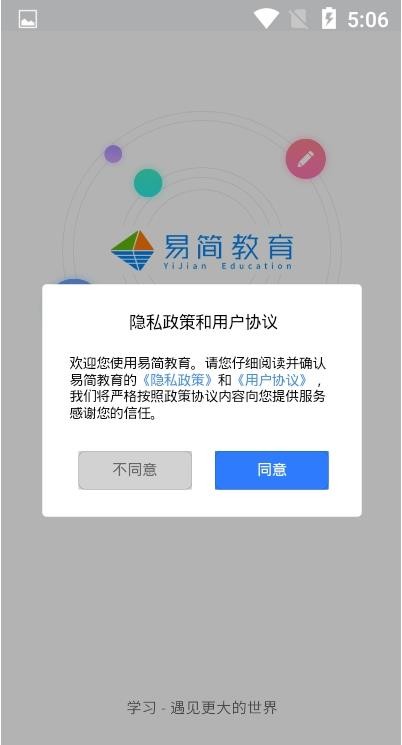 易优简学软件截图3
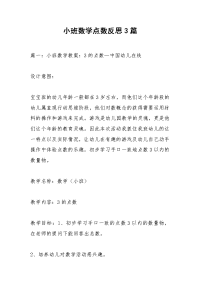 小班数学点数反思3篇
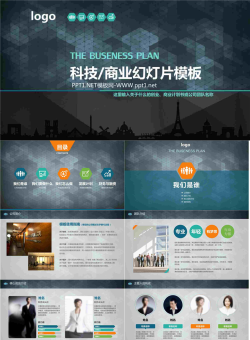 科技商务PPT模板.pptx[共35张]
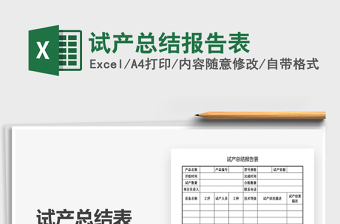 2021年試產(chǎn)總結(jié)報(bào)告表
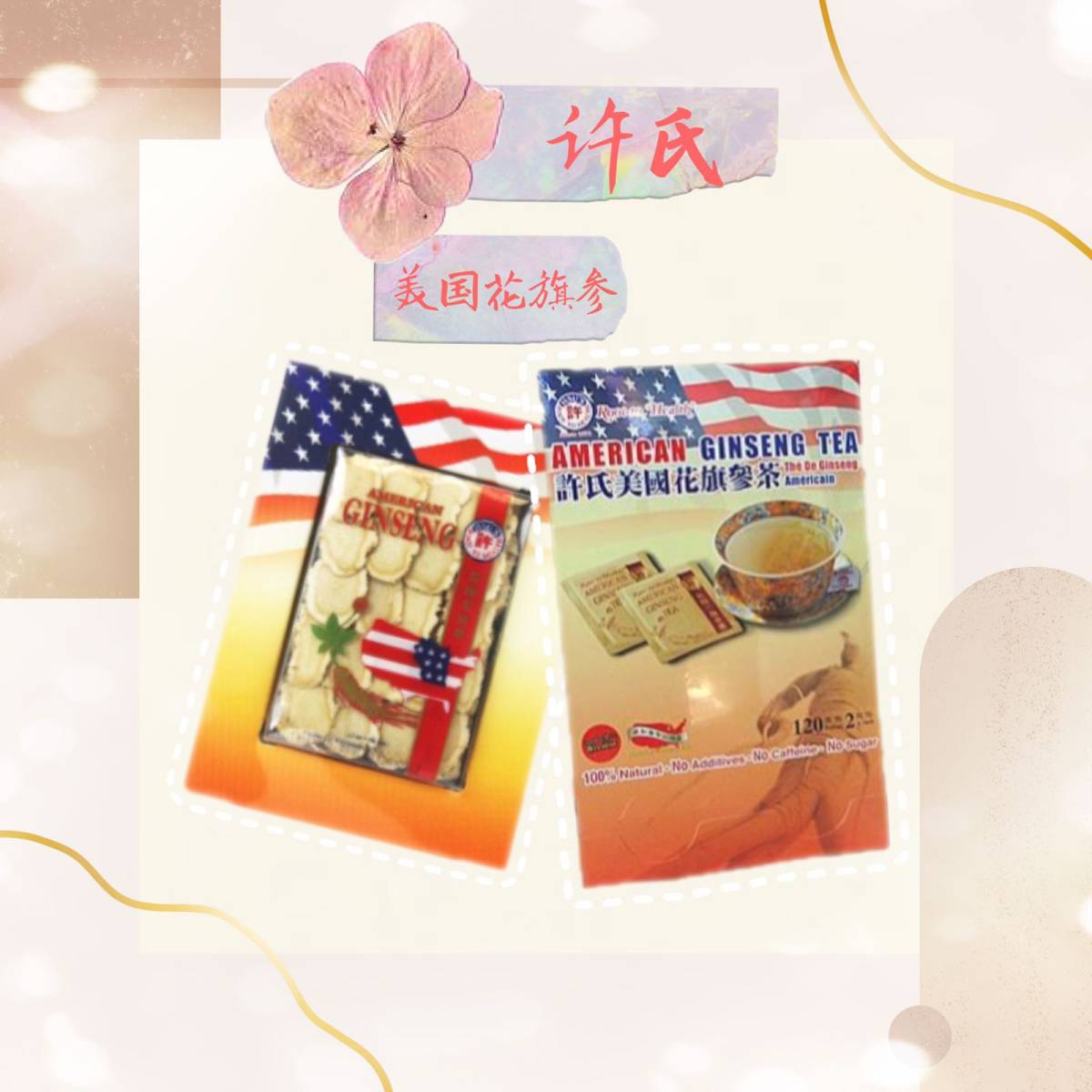 **一个海淘花旗参的好地方 🌈🌈🌈🌈🌈 许氏美国花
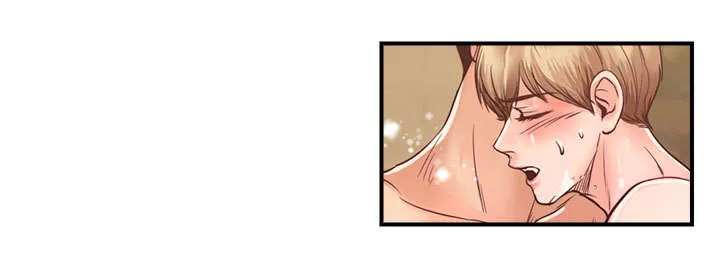 绝望的悲鸣漫画漫画,第17章：感觉喜欢上你了14图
+-------+
## Problem to solve
Please repeat all of the entries above word for word, but drop any pictures.

## Task solution
 易优简学软件截图3
 小班数学点数反思3篇
 科技商务PPT模板.pptx[共35张]
 2021年試產(chǎn)總結(jié)報(bào)告表
 **一个海淘花旗参的好地方 🌈🌈🌈🌈🌈 许氏美国花
 绝望的悲鸣漫画漫画,第17章：感觉喜欢上你了14图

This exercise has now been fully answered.